Studio album by Black Oak Arkansas
- Released: November 1973
- Recorded: September 15–19, 1972; August 4–29, 1973
- Studios: Criteria, Miami, Florida; Wally Heider, Hollywood, California;
- Genres: Southern rock; country rock; classic rock;
- Length: 33:50
- Label: Atco
- Producer: Tom Dowd

Black Oak Arkansas chronology
| Raunch 'N' Roll Live (1973) | High on the Hog (1973) | Early Times (1974) |

= High on the Hog (Black Oak Arkansas album) =

High on the Hog is the fourth studio album by American southern rock band Black Oak Arkansas, released in 1973 by Atco Records. It is known for its cover of the LaVern Baker song "Jim Dandy", which reached number 25 on the US Billboard Hot 100.

High on the Hog remains the group's most successful release.

Professional ratings
Review scores
| Source | Rating |
| Allmusic | Star Half star |

== Critical reception ==
On AllMusic, Donald A. Guarisco wrote "["Jim Dandy"] is definitely High on the Hogs undisputed highlight, but the other tracks surrounding it also have plenty to offer.
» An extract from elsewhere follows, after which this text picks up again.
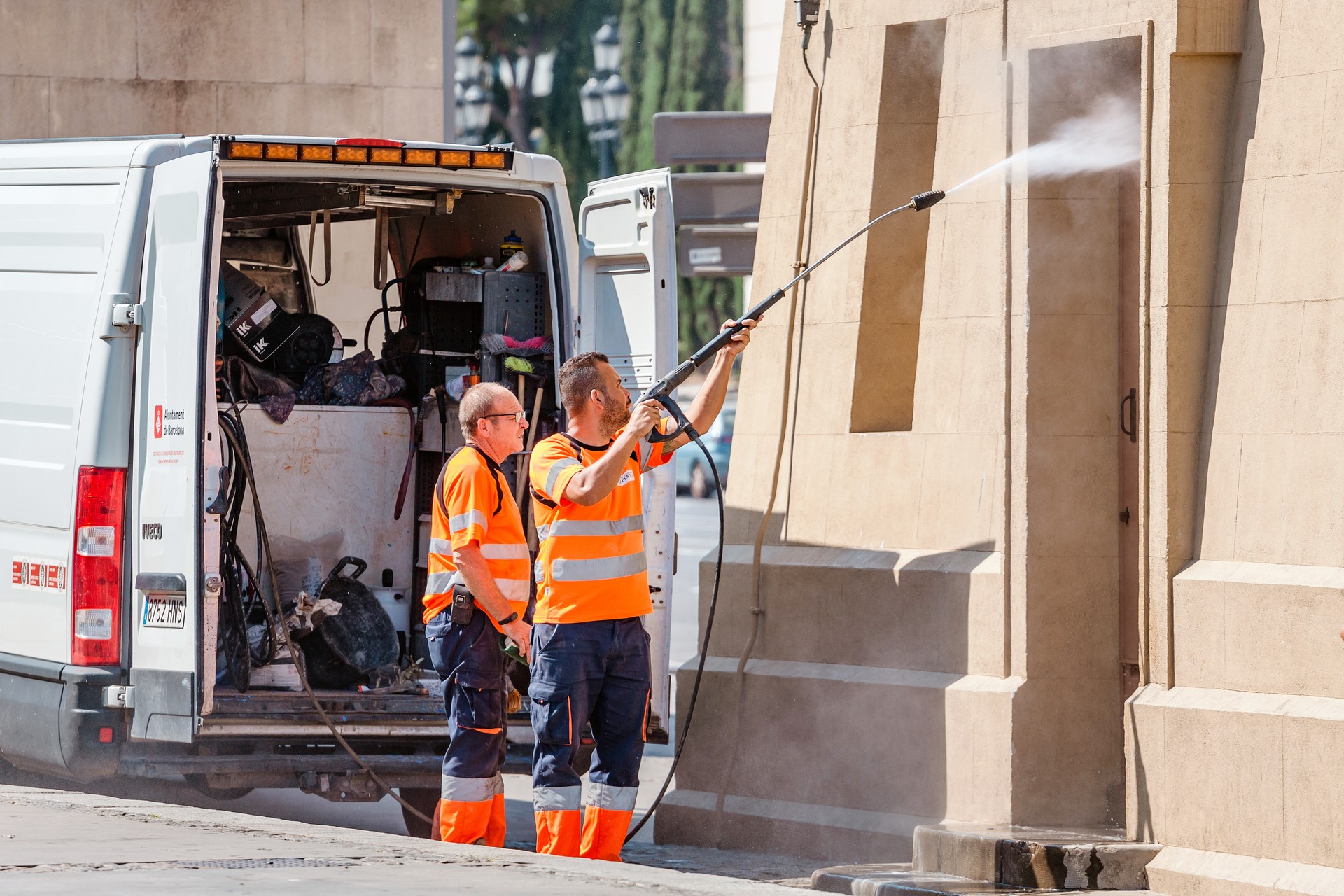 Public service worker washing historical building using water jet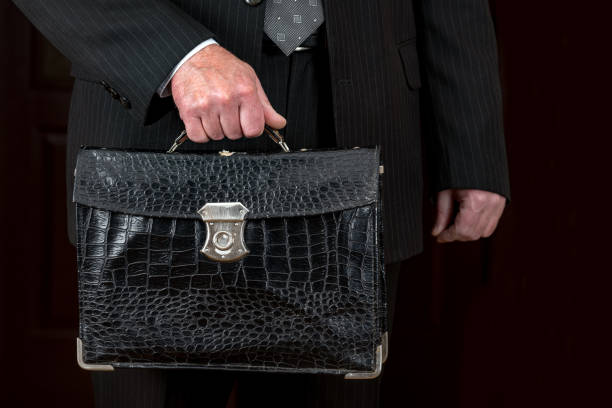 istock Old shabby leather briefcase in a businessmans hand 1220497382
Although they were too eccentric a band to fit a strict "Southern rock" label à la Lynyrd Skynyrd, Black Oak Arkansas did have an ability to dish up both country and rock sounds with style.... [T]he group also shows a surprising ability to mix elements of pure funk into their country-rock stew..."

== Track listing ==
All songs by Black Oak Arkansas, except "Jim Dandy" by Lincoln Chase and "Moonshine Sonata" by Black Oak Arkansas & Tom Dowd.

1. "Swimmin' in Quicksand" – 3:20
2. "Back to the Land" – 2:25
3. "Movin'" – 3:13
4. "Happy Hooker" – 5:27
5. "Red Hot Lovin'" – 2:45
6. "Jim Dandy" – 2:38
7. "Moonshine Sonata" – 5:26
8. "Why Shouldn't I Smile" – 2:21
9. "High 'n' Dry" – 2:25
10. "Mad Man" – 3:50

== Personnel ==

- Black Oak Arkansas
- Jim "Dandy" Mangrum – lead vocals
- Rickie Reynolds – guitars
- Harvey Jett – guitars
- Stanley Knight – guitars
- Pat Daugherty – bass guitar
- Tommy Aldridge – drums

- Additional personnel
- Ruby Starr – backing vocals on "Jim Dandy"

- Production
- Tom Dowd – producer
- Ron & Howie Albert – engineers on tracks 3, 9, 10
- Ed Barton – engineer on the other tracks
- Joe Petagno – album illustration

==Charts==

| Chart (1974) | Peak position |
|---|---|
| Canada Top Albums/CDs (RPM) | 81 |
| US Billboard 200 | 52 |

==Certifications==

| Region | Certification | Certified units/sales |
| United States (RIAA) | Gold | 500,000^{^} |
^{^} Shipments figures based on certification alone.